Paragraph Twenty-three


This is an especially important paragraph of the document, because it clarifies the concept of the "consistent ethic of life," sometimes known as the "seamless garment" philosophy. Clearly, there are many issues that impact human life and dignity, and the bishops call both public officials and citizens to be actively concerned about them all. Yet in this section, the bishops not only assert that these many issues are linked, but explain how they are linked. They improve upon the "seamless garment" image and use the image of a house, pointing out that the right to life is the foundation.
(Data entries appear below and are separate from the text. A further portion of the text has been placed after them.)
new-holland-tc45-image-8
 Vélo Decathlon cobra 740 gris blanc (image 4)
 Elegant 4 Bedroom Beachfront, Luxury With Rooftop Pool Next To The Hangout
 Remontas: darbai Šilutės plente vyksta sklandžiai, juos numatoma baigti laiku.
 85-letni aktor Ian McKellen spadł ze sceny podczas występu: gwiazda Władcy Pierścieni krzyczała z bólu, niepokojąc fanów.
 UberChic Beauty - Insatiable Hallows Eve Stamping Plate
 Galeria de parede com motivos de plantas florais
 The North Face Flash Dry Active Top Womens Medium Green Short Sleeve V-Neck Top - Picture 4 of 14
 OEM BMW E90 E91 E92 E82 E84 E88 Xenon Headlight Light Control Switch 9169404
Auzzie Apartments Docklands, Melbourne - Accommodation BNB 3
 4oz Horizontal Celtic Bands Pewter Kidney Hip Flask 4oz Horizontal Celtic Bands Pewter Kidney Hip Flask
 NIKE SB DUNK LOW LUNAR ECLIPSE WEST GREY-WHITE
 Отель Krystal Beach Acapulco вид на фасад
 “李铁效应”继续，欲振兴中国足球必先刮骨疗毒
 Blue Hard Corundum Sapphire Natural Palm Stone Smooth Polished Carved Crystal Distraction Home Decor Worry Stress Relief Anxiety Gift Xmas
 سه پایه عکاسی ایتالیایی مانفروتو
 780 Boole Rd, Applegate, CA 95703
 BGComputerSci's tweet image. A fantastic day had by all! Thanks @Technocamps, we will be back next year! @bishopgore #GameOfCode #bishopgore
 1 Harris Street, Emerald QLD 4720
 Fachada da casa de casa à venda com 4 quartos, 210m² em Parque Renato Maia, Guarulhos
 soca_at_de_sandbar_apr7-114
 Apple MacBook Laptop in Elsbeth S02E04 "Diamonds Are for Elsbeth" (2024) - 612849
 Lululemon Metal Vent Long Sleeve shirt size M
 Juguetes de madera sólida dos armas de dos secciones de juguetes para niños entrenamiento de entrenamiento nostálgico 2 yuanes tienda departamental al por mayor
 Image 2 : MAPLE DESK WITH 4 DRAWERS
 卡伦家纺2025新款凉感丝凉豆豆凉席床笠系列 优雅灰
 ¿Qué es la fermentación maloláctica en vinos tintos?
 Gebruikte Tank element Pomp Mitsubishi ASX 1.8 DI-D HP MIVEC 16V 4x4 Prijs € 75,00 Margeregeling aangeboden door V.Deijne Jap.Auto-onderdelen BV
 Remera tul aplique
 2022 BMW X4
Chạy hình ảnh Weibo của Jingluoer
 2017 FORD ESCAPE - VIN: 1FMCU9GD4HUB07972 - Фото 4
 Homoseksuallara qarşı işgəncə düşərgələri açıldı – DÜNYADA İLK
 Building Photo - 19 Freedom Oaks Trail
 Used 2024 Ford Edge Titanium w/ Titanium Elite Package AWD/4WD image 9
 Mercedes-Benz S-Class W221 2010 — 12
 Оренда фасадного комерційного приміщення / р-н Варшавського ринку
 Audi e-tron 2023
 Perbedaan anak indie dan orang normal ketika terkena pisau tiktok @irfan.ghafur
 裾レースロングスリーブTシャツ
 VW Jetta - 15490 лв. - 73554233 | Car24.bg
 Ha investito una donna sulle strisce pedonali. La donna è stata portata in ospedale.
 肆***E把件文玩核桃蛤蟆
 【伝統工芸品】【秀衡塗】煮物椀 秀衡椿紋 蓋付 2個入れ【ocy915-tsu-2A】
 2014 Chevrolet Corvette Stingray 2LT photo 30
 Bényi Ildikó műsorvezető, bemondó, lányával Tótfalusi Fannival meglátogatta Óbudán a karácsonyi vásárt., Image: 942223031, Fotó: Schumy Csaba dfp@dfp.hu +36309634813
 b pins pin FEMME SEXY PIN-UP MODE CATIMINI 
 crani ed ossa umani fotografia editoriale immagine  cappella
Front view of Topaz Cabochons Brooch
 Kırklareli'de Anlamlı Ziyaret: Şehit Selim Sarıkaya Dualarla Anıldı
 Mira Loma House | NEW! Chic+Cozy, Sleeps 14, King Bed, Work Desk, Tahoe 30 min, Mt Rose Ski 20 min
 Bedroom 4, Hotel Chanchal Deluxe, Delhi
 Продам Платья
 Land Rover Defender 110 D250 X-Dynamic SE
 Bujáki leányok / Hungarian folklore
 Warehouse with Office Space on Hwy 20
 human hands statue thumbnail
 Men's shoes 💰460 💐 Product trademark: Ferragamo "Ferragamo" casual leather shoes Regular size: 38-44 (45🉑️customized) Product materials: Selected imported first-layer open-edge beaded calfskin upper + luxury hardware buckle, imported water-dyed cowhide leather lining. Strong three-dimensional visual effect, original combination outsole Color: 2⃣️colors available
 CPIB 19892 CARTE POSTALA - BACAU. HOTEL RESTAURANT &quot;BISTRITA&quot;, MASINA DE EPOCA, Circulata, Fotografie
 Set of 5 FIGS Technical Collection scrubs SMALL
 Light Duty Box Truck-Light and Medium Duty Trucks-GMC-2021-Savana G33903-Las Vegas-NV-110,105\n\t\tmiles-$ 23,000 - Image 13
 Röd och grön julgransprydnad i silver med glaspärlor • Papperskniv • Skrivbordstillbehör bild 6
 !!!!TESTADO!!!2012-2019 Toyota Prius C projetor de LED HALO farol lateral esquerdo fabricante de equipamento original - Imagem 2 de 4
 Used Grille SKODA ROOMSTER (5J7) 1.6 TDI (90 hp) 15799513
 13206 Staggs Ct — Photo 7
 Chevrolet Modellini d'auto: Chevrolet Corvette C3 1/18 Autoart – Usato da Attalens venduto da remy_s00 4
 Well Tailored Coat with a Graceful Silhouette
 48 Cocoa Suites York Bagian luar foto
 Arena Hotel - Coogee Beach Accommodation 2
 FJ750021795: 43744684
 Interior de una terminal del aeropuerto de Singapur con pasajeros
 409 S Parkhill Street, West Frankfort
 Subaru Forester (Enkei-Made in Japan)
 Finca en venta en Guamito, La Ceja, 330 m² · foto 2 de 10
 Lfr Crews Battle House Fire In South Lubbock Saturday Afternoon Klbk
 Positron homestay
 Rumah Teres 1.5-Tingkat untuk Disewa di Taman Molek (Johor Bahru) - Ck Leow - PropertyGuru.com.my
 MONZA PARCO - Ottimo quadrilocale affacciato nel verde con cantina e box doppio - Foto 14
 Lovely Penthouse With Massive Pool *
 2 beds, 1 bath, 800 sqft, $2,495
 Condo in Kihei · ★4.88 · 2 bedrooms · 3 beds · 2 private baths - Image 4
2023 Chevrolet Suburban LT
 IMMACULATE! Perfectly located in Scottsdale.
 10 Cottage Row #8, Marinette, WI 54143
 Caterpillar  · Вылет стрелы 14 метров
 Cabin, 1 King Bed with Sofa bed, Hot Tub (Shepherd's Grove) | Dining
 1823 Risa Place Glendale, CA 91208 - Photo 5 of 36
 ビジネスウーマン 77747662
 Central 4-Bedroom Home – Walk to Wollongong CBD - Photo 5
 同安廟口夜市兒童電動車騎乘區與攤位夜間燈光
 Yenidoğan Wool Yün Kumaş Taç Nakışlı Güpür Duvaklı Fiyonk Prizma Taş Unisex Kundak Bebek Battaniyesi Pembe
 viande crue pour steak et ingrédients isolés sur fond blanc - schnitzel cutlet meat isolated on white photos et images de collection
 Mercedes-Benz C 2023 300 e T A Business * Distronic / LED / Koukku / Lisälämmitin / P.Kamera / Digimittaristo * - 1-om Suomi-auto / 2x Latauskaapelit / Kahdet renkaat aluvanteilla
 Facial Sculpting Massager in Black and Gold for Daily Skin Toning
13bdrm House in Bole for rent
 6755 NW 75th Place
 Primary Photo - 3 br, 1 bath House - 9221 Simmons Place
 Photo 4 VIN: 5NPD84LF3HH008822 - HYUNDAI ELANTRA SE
Every four years since the mid-1970's, the Administrative Committee of the bishops' conference issues a document to help citizens prepare for our national elections and to reflect on "faithful citizenship." This document always points out a multitude of issues, which is fine. But many are confused by this, thinking that the bishops are giving equal weight to all the issues. Living the Gospel of Life, along with many other statements, indicates clearly that they do not give all the issues equal weight. Even the late Cardinal Joseph Bernardin, the most well-known spokesperson regarding the consistent ethic of life, had this to say in 1984 about the role of such statements: "The purpose is surely not to tell citizens how to vote, but to help shape the public debate and form personal conscience so that every citizen will vote thoughtfully and responsibly. Our "Statement on Political Responsibility" has always been, like our "Respect Life Program," a multi-issue approach to public morality. The fact that this Statement sets forth a spectrum of issues of current concern to the Church and society should not be understood as implying that all issues are qualitatively equal from a moral perspective…As I indicated earlier, each of the life issues—while related to all the others—is distinct and calls for its own specific moral analysis. (A Consistent Ethic of Life: Continuing the Dialogue, The William Wade Lecture Series, St. Louis University, March 11, 1984).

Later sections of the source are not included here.